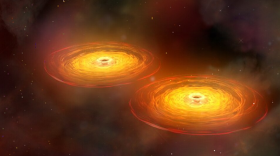 This illustration shows a stage in the merger of two galaxies that forms a single galaxy with two centrally located supermassive black holes surrounded by disks of hot gas. The black holes orbit each other for hundreds of millions of years before they merge to form a single supermassive black hole that sends out intense gravitational waves.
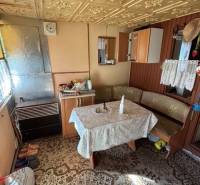 Ház belső antik mintás asztallal és fa részletekkel a kertekben.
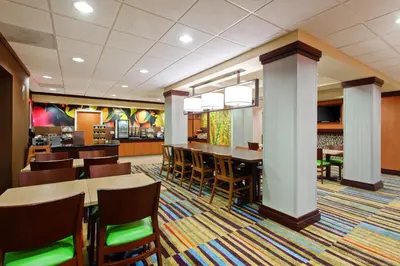 a restaurant with tables and chairs and a bar at Fairfield Inn & Suites - Los Angeles West Covina in West Covina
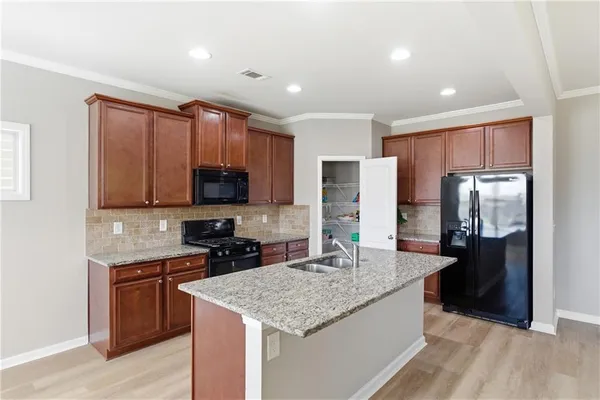 a kitchen with stainless steel appliances granite countertop a sink stove refrigerator and cabinets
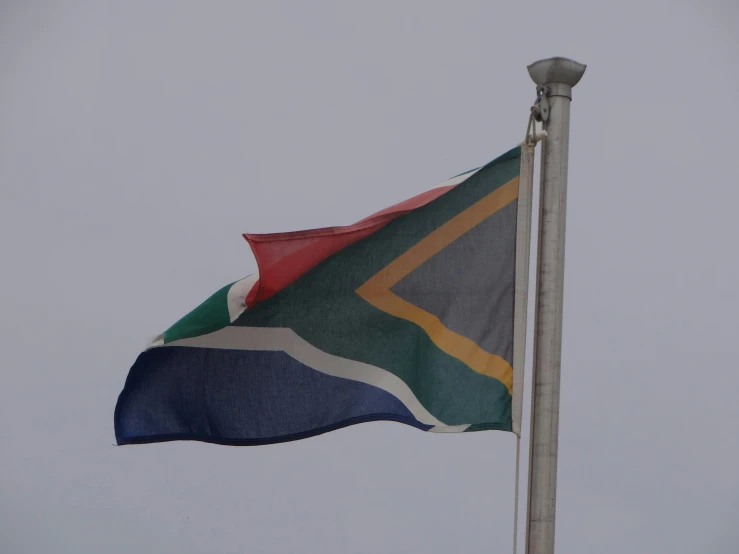 the national flag flies above a wind turbine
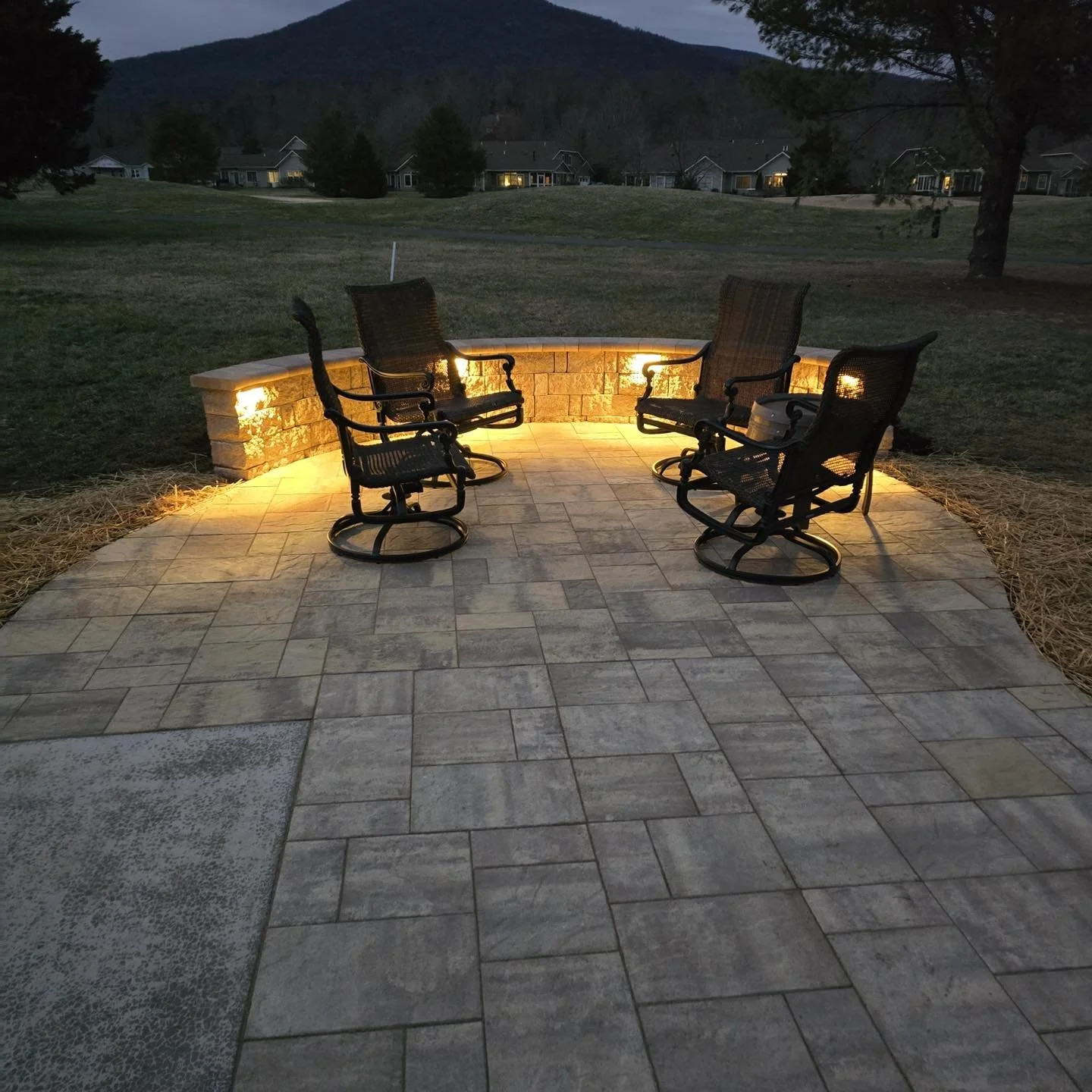 A cozy outdoor sitting area with four black chairs arranged in a semi-circle on a stone patio, illuminated by warm yellow lighting from beneath a stone wall, with a grassy yard, trees, residential houses, and hills in the background during dusk.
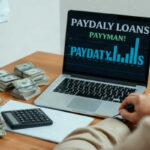 A person sits at a desk with stacks of cash, a calculator, a notepad, and a laptop displaying payday loan keywords and a bar graph. A chart is partially visible in the background.
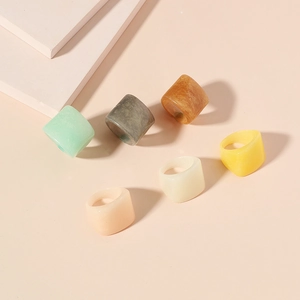 Minimalist square resin rings in assorted marble and solid colors on a pink background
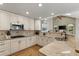 Bright kitchen featuring granite countertops, white cabinets, stainless steel appliances, and wood floors at 8833 Maplewood Dr, Highlands Ranch, CO 80126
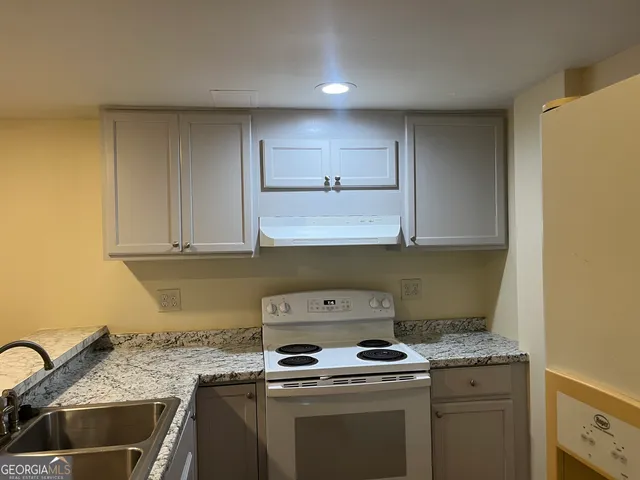 a kitchen with a stove and a sink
--------------------------------------------------
◆ To do
Set down all entries above again, exactly, without images.

◆ Solution for this task
 This illustration shows a stage in the merger of two galaxies that forms a single galaxy with two centrally located supermassive black holes surrounded by disks of hot gas. The black holes orbit each other for hundreds of millions of years before they merge to form a single supermassive black hole that sends out intense gravitational waves.
 Ház belső antik mintás asztallal és fa részletekkel a kertekben.
 a restaurant with tables and chairs and a bar at Fairfield Inn & Suites - Los Angeles West Covina in West Covina
 a kitchen with stainless steel appliances granite countertop a sink stove refrigerator and cabinets
 the national flag flies above a wind turbine
 A cozy outdoor sitting area with four black chairs arranged in a semi-circle on a stone patio, illuminated by warm yellow lighting from beneath a stone wall, with a grassy yard, trees, residential houses, and hills in the background during dusk.
 A person sits at a desk with stacks of cash, a calculator, a notepad, and a laptop displaying payday loan keywords and a bar graph. A chart is partially visible in the background.
 Minimalist square resin rings in assorted marble and solid colors on a pink background
 Bright kitchen featuring granite countertops, white cabinets, stainless steel appliances, and wood floors at 8833 Maplewood Dr, Highlands Ranch, CO 80126
 a kitchen with a stove and a sink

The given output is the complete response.